Artist Erin McGuire lends her black and white illustrations to the novel, which is an interesting notion. Generally I’ve noticed that the art in a contemporary middle grade chapter book has a distinct purpose. If you’re dealing with a Roald Dahl title like The Witches, for example, then you need Quentin Blake’s pictures to take an edge off of the scariness. That’s akin to what McGuire’s pictures do here. They don’t take away all the sadness and scariness, but they do dampen it to a certain degree. Seeing Hazel helps us to deal with her misery for most of the book. What McGuire chooses to illustrate is also interesting. She doesn’t necessarily go for the obvious scenes, which is to say she doesn’t choose moments that contain a lot of action and adventure, but rather scenes of quiet magic. Kids, I think, will appreciate that. Her pictures serve the mood.
This is not the first adapted version of The Snow Queen I’ve encountered. In the anthology Firebirds author Kara Dalkey wrote a tale called “The Lady of the Ice Garden,” which sets the story in Late Heian, Japan. That story turned the Snow Queen’s abduction of Jack into something sexual, which is one way of taking it. Ursu’s way is yet another. Breadcrumbs can be an oddly dark, somewhat depressing story at times. Hazel, after all, leads a sad life and her adventures only reinforce that fact. Yet the writing is remarkable and there’s so much to think about and look into here that kids will find themselves relating easily. They may be upset by the ending (which I will not spoil), finding it a touch unfinished but some will understand that it’s a honest way to end the book. This is a book that gives readers whole worlds to discover and discuss. It reinforces the oddities of Hans Christian Andersen’s tales, and ties them into a 21st century world. A strange, amazing, sad, thoughtful, one-of-a-kind original. You will find no other book out there quite like this one, no matter how hard you try.

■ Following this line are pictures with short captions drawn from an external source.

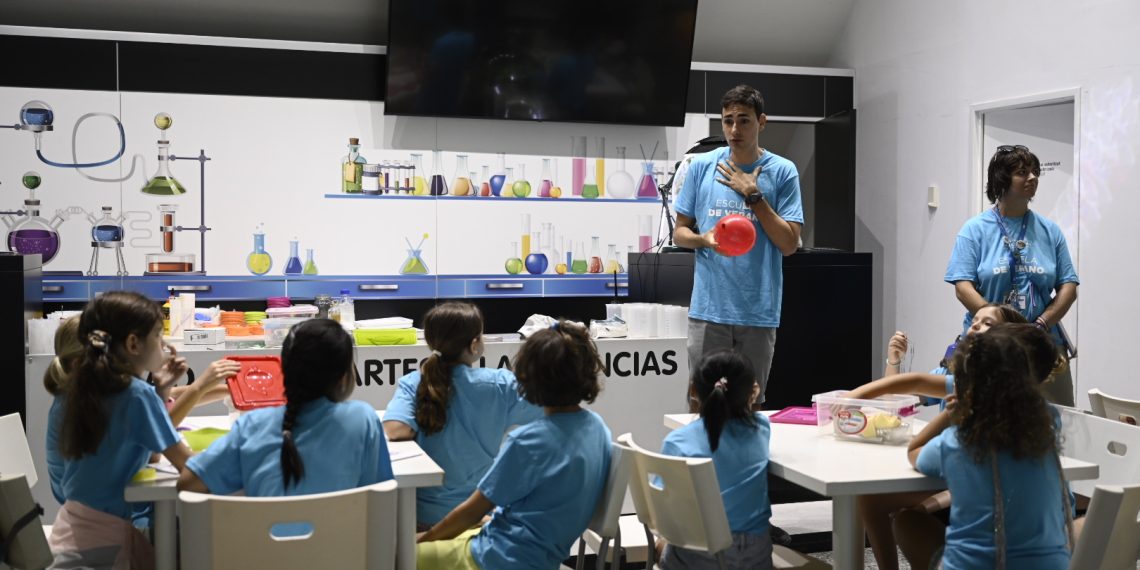 La Ciutat de les Arts i les Ciències arranca su escuela de verano con un completo programa educativo y lúdico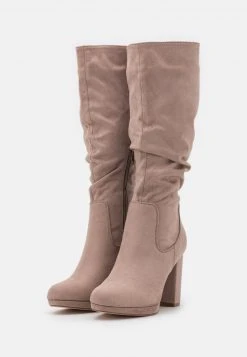 Descuento 🎉 Anna Field Botas Con Plataforma - Taupe, Mujer ✔️ -Elegancia Femenina Tienda 9546984a57834c1c925ad56bef6ac8fe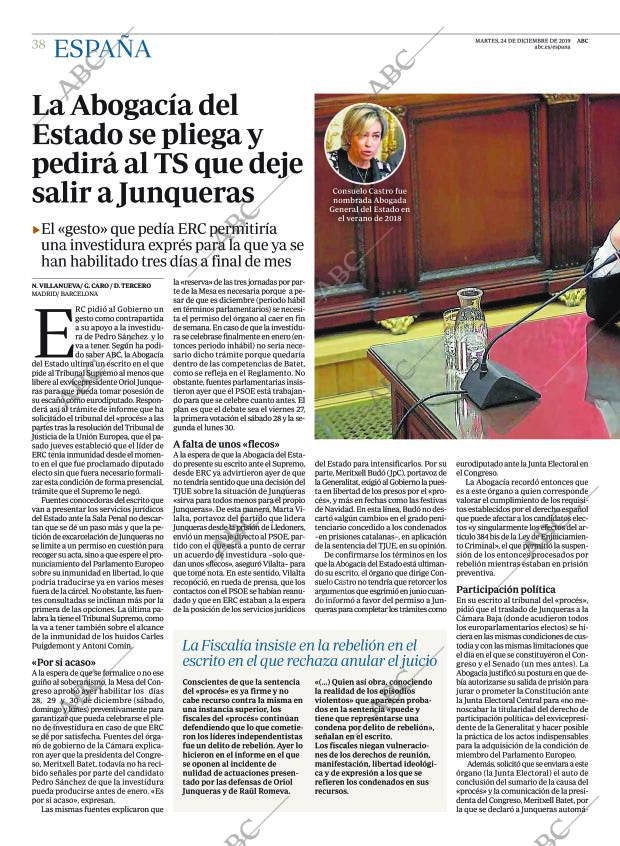 ABC CORDOBA 24-12-2019 página 38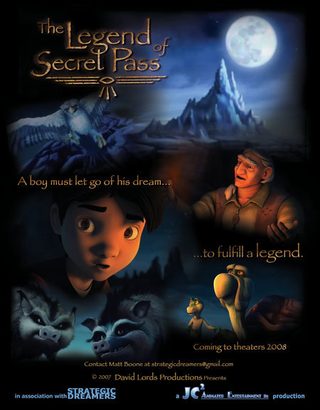 The Legend of Secret Pass still 1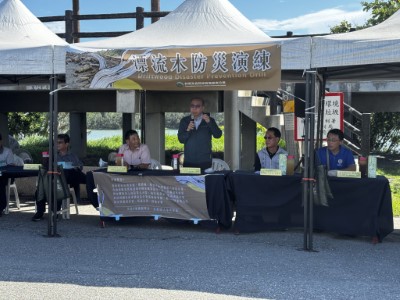 臺東分署吳昌祐分署長致詞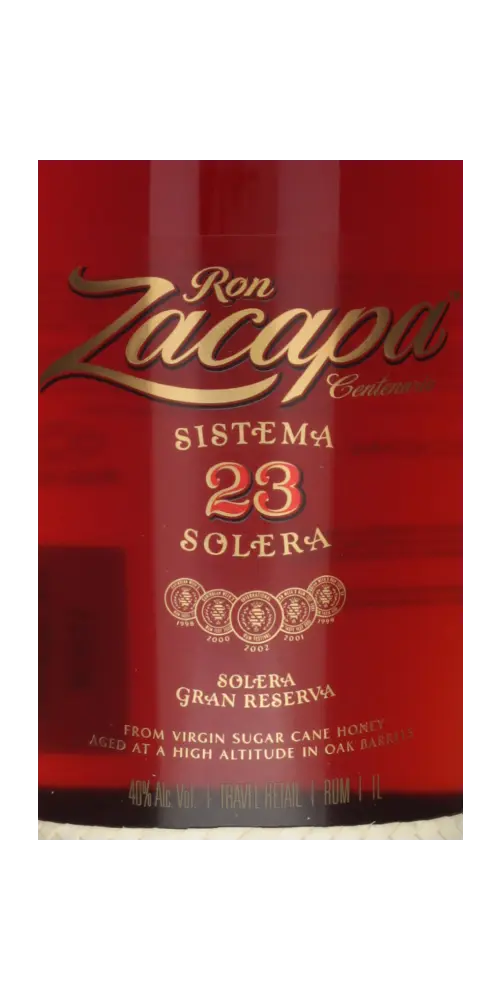 Ron Zacapa 23 Centenario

On shelves September 27th.
Source: Galley sent from publisher for review.
Notes on the Cover: Boy, that’s beautiful. That’s just gotta be one of the prettiest little ole covers I’ve seen in a long time. This isn’t the only cover out this year by artist Erin McGuire (Circle of Secrets, French Ducks in Paris, and Lucky for Good being the others). McGuire’s style reminds me of the artist behind K.L. Going’s The Garden of Eve (whose name I do not know). What I love about this cover, aside from the colors (which, undoubtedly, someone somewhere will dub as “girly”, consarn it) is the fact that you have a dark-skinned heroine on the jacket of a middle grade novel. More of the same, please.
First Line: “It snowed right before Jack stopped talking to Hazel, fluffy white flakes big enough to show their crystal architecture, like perfect geometric poems.”